Laura Lippman | Longreads | May 2019 | 16 minutes (4,090 words)
[1]
My daughter was 10 days old the first time I was asked if I were her grandmother.
It was the second week of an unseasonably early Baltimore heat wave and I had managed to maneuver her stroller across my neighborhood’s bumpy, narrow sidewalks to my favorite coffee shop. Almost nine years later, I still remember the one spot on our street where the juxtaposition of a tree planter and a set of rowhouse steps made it physically impossible to push a stroller through at any angle. One either had to lift the stroller a foot in the air or bump it over the curb into the street, a solution I figured out only after much grunting and angling. By the time I arrived at the coffee shop, I was sweaty and unkempt.
A young man peered into the stroller, then glanced at my face: “Oh, are you her grandmother?” Only three days earlier, a woman had seen me boarding a plane with my newborn, eyed me approvingly and whispered: “You look amazing!” An unearned compliment — my daughter didn’t come out of my body and my body’s not that great, anyway — but I had been happy to take it. I’m not dumb. I knew the grandmother question would be asked again and again, and that compliments would be rare.
I tried out a simple, direct reply, the one I use to this day: “No, I’m her mother, but I am old enough to be her grandmother, so it’s understandable that you would ask.”
I thought my answer generous.
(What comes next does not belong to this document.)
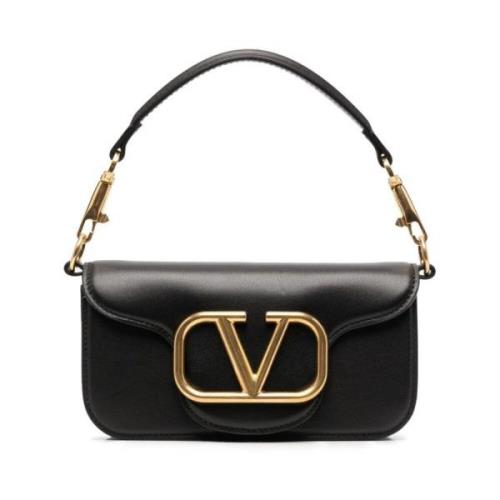 Valentino Garavani Svart VLogo Signature Axelväska Black, Dam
But in the years since my daughter was born, I have discovered that people who ask rude questions feel terribly affronted if you say anything that implies they have just asked a rude question.
“But I’ve seen that baby with a young couple,” the man said. “Out and about in the neighborhood.”
“I don’t think so.”
“No, I absolutely have,” he insisted. “She’s been going around with a young couple.”
I let it go. I live in a city that, year in and year out, has a startlingly high teenage pregnancy rate, and consequently a high number of young grandmothers, some of whom end up raising their grandchildren. I’d be proud to be one of those women. But I am not. I’m just an old mom and I’m cool with that. Say a word or a phrase often enough, and it loses its power. I’m an old mom. I’m 60. I’m a 60-year-old woman with a third-grader. I am old. I am 60. I am old. I am old. I am old.
“You don’t look old to me,” my daughter has said on more than one occasion. “You could be in your 40s, your 30s, you could be in college, you could be in high school.”
Uber drivers say something similar, but at least I know why they’re blowing smoke up my ass. I’m not sure what my daughter wants, but she’s been eyeing the American Girl Doll spaceship, which lists at $449.99 on eBay. Good luck with that, honey. Mama’s got money, but she’s not crazy.
[2]
The case against late motherhood is obvious: the later you become a mother, the more likely you are to die while your child is young. Energy levels drop, or so they tell me; the Minnesota Multiphasic Personality Inventory, which I was forced to take by my former employer, labeled me abnormally energetic. But old age also brings a dip in oxytocin, the “nurturing” hormone. There must be a reason that nature cuts women off from reproducing, even as it allows men to keep going.
In the years since my daughter was born, I have discovered that people who ask rude questions feel terribly affronted if you say anything that implies they have just asked a rude question.
But nature has reasons for lots of thing that we cheerfully circumvent. (The global market for erectile dysfunction drugs is forecast to top $7 billion by 2024.) And while it wasn’t exactly my idea to become a mom at 51 — more on that in a moment — I think old motherhood has advantages if you’re a) relatively healthy and b) relatively wealthy. I am lucky enough to be both of those things. Even without my husband’s income, I could afford to raise a kid, although, like most Americans, I would be wiped out by a serious illness and college tuition would require most of my retirement fund. I was raised by Southerners who believe it’s tacky to talk about money, but to not talk about money in this situation is disingenuous. To become a mother at age 51 is the entitlement cherry on the privilege sundae. It’s greedy.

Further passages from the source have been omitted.